### TASK TO CARRY OUT
Reproduce every line of the material below exactly. No pictures belong in the copy.

### DATA EXTRACTS

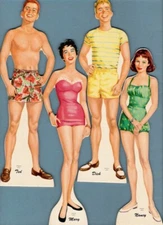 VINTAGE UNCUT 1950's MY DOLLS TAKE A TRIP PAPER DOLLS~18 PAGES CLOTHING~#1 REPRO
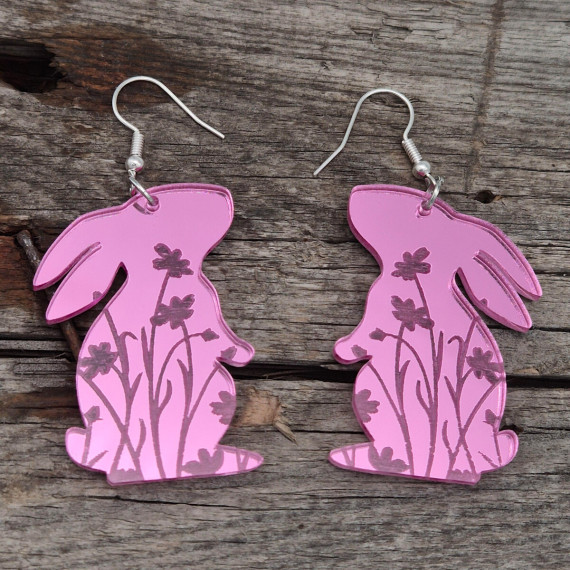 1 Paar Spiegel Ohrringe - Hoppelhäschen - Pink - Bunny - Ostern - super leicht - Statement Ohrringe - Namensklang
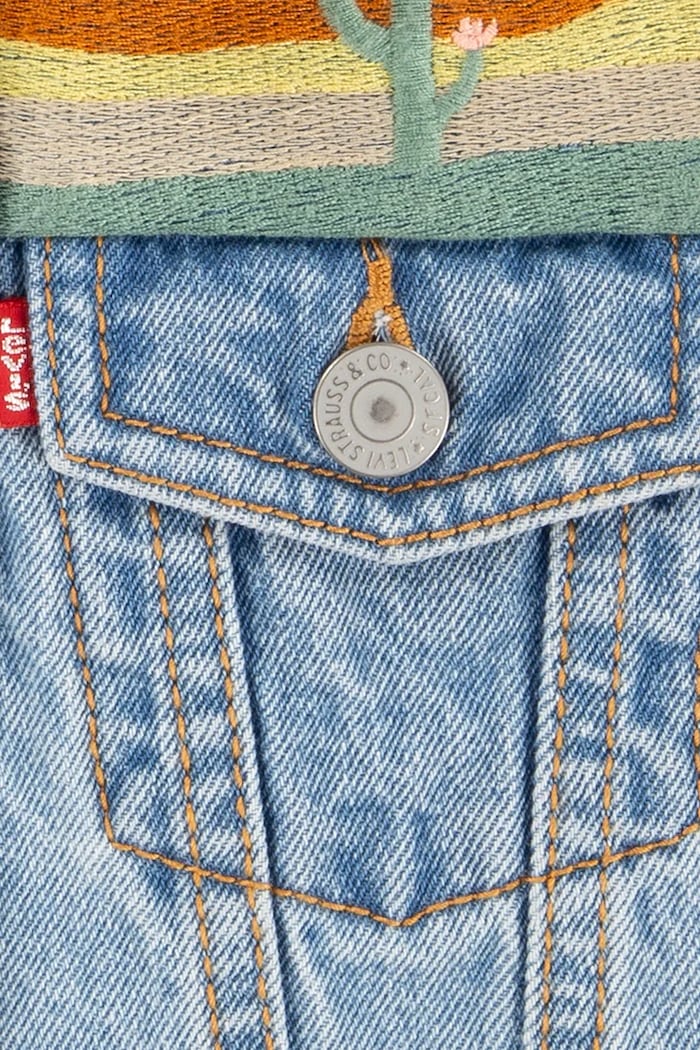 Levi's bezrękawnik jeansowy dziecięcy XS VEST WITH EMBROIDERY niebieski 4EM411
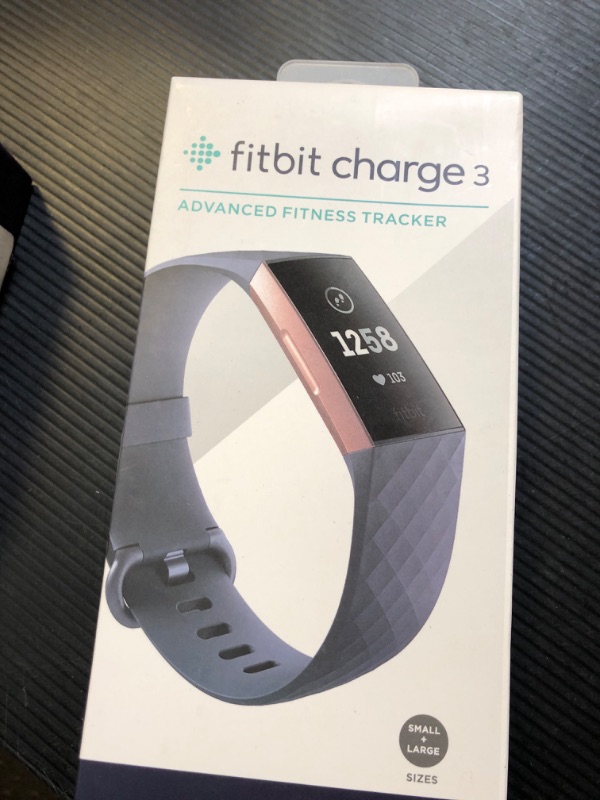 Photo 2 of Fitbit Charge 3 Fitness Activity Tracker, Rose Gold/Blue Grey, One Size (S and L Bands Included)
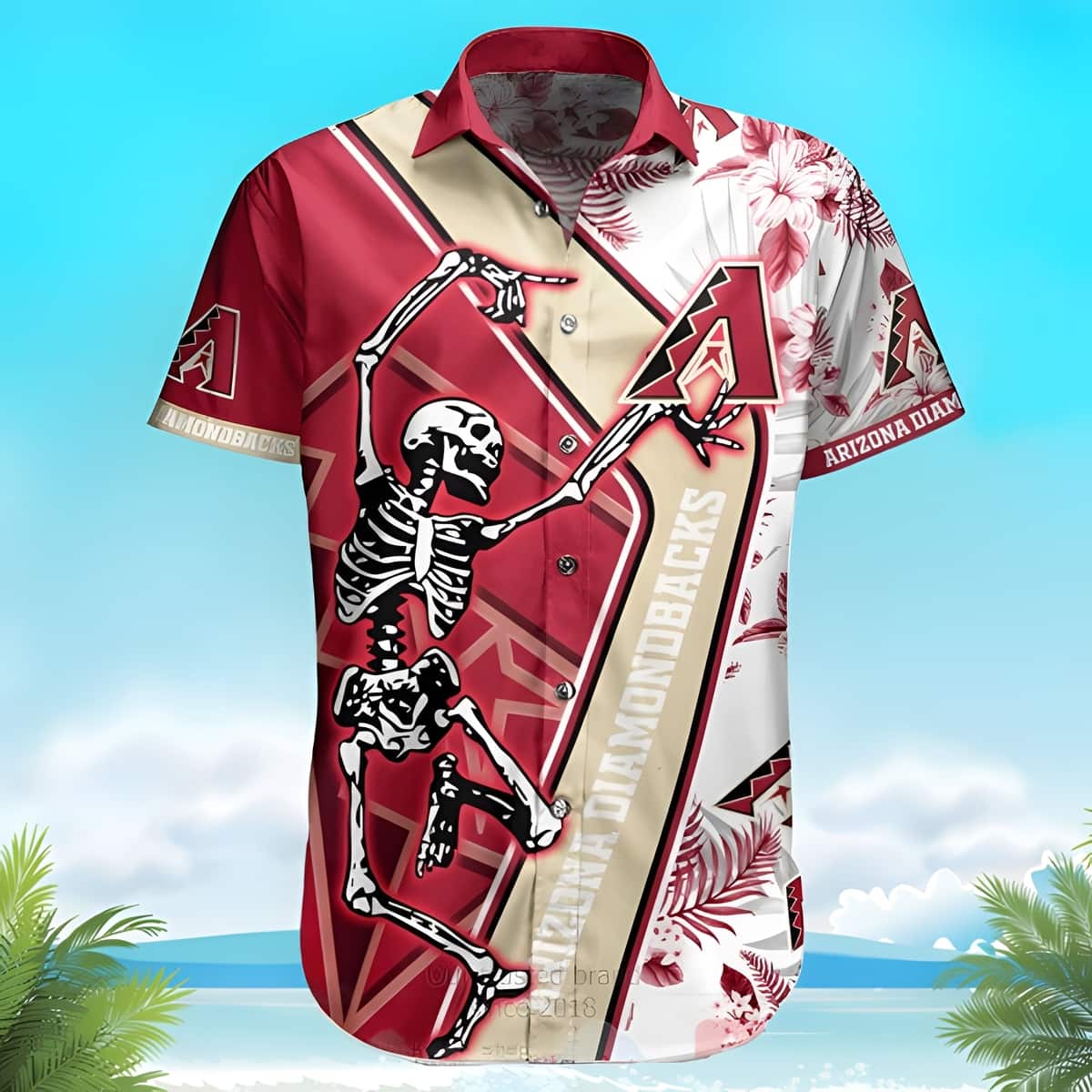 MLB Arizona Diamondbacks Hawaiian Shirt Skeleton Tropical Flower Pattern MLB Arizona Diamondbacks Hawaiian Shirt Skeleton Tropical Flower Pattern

### EXPECTED OUTPUT
 VINTAGE UNCUT 1950's MY DOLLS TAKE A TRIP PAPER DOLLS~18 PAGES CLOTHING~#1 REPRO
 1 Paar Spiegel Ohrringe - Hoppelhäschen - Pink - Bunny - Ostern - super leicht - Statement Ohrringe - Namensklang
 Levi's bezrękawnik jeansowy dziecięcy XS VEST WITH EMBROIDERY niebieski 4EM411
 Photo 2 of Fitbit Charge 3 Fitness Activity Tracker, Rose Gold/Blue Grey, One Size (S and L Bands Included)
 MLB Arizona Diamondbacks Hawaiian Shirt Skeleton Tropical Flower Pattern MLB Arizona Diamondbacks Hawaiian Shirt Skeleton Tropical Flower Pattern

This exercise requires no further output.